This is my kiss. Although the photo doesn't do justice to the actual pucker on the lips, this kiss hangs on a tree in my front yard facing the street. As I walked up my driveway from a recent morning walk, The Kiss caught my eye. I notice it often but this day I really saw it. It caught my heart's eye for I had been thinking of love a lot or the lack of love in the world. I had been somewhat haunted by how I concluded my January 23rd Musing.


It read: At any moment, with presence and mindfulness we can return to our hearts and open to who and what we find there. In doing so we return heart to the world." Within hours of writing that, I was reminded of the severe lack of heat in the world.


I had just begun "Three Cups of Tea," Greg Mortensons’s inspiring story of building schools for girls in Pakistan’s mountainous villages when my heart sank. The newspaper carried a story of the Taliban’s resurgence resulting in the destruction of over one hundred schools for girls in the areas of Afghanistan and Pakistan. I momentarily wondered,’ “What’s held in the hearts of those who destroy these schools?’

This news was shortly followed by my coming upon an interview with Siddharth Kara discussing his book "Sex Trafficking. In 2007 alone over 91 billion dollars was made through the trafficking of adults and children. My simple story of opening to my own heart seemed insignificant compared to the hearts of those harmed by the illegal trading of human bodies for sexual purposes and monetary profit. What could have happened to the hearts of those who use women and children for their own gratification sexually and financially? One’s heart would have to be numb to use people in this manner, not to mention the numbness of trauma with which the victims are accustomed to living. I went to bed disconnected and numb, for me primary ingredients for guaranteeing an emotional morning hangover.


I’m already morning-challenged especially in winter when my coffee doesn’t stay warm and my dry skin itches. This particular morning when I sat down for my quiet time, also my writing time, all I found when I looked within was someone grumpy and irritable. I did not want to ‘practice presence’ as I had earlier written or ‘opening to who and what I find in my heart.’


Within thirty minutes of waking, Bogey my kitten was in time out for using the new television as his platform to access the fireplace mantel on which he’s not allowed. On the sixth trip to the mantel, he got stuck astride the television his front legs in the back of the set and his hind legs pawing at the screen clambering to find something on which to grasp. During rounds one through five, I had tried giving him positive attention, cuddling him after removing him from the mantle since a friend said maybe this was just attention seeking behavior.


Paper and pen in hand, I was angry with Bogey as well as myself. I take what I write seriously. The seeming absence of integrity in today’s world troubles me, yet if I’m not practicing what I write then I’m lacking integrity. I felt like a fraud. Between Bogey, cold coffee, dry skin and repeatedly adjusting the thermostat while intermittently wondering what the next gas bill would be, the last thing I wanted to do was be present to what I found in my heart let alone be open to it. If we’re all interconnected as quantum physics states and indigenous people have always taught, then I was personally increasing the anger quotient or grump-factor one thousand-fold in the world and I didn’t care.

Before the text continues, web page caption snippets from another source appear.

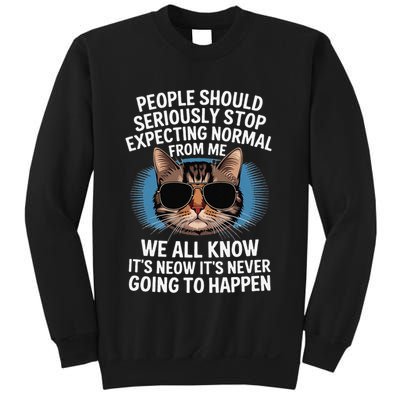 Cat People Should Seriously Graphic Design Idea Humor Novel Sweatshirt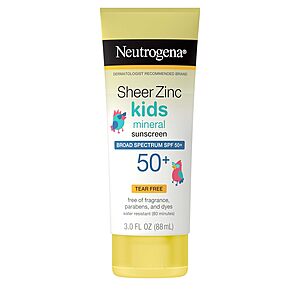 [S&S] $5.59: 3-Oz Neutrogena Kids Mineral Sunscreen Sheer Zinc Oxide Lotion, Broad Spectrum SPF 50 at Amazon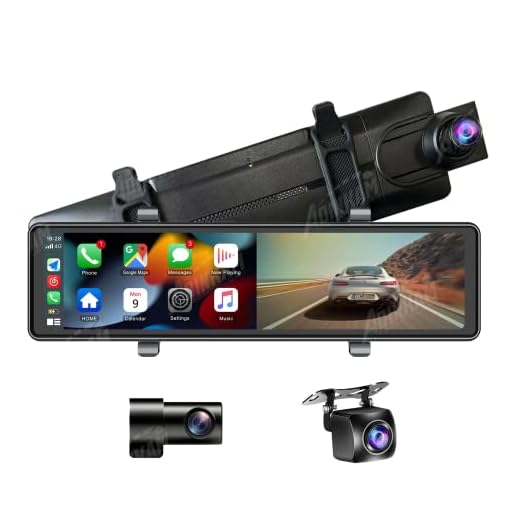 3 Channel Rearview Mirror Portable Car Audio, Wireless Apple Carplay+Android Auto, 2.5K Dash Camera+Dual 1080P Backup Camera, 11.26 -Inch Full Touch Screen/GPS/Siri/Fm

I decided to Free Bogey and start over with a fresh cup of coffee while listening to rain on the tin roof of the sun room. A change of scenery might help. Listening to the rain without the pressure of having to do anything other than ‘be’ might induce a new mood in me and Bogey.


Bogey ran to his window perch and peered out the frosty window, a great vantage point for watching birds and squirrels. Wildlife meditation immediately calmed him. A geographical cure worked for Bogey, not me. I pressed the ignition switch on the small gas heater repeatedly, many more times than the five recommended. Nothing happened. I waited the suggested five minutes and tried again, waited five more minutes and tried again to no avail. Bogey was blissful while I accumulated negative karma watching myself become increasingly irritable just when I thought that was impossible.

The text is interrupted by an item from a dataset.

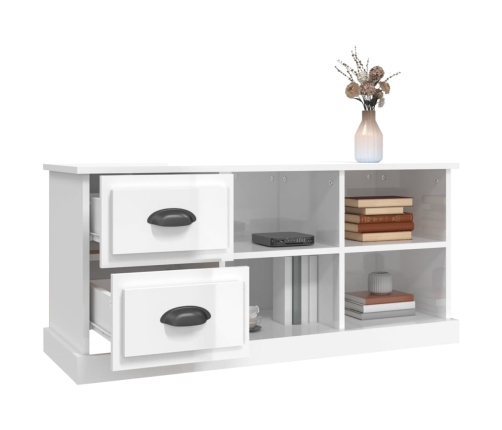 Mueble de TV madera contrachapada blanco brillo 102x35,5x47,5cm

Nothing cooperated. Was it too much to ask that my coffee be warm in a room that’s over sixty degrees while my kitten’s calm? Yes, at that moment it was. My need to control was in my face. It’s embarrassing to admit that I was this upset over the nuts and bolts of one insignificant morning in my small life when children are being used for sex and new schools are being destroyed. To be open in this moment to who I find within is unpleasant. To be in this moment without struggle seems nearly impossible. It’s at this juncture that I heard, “A walk would do you good. It always does.”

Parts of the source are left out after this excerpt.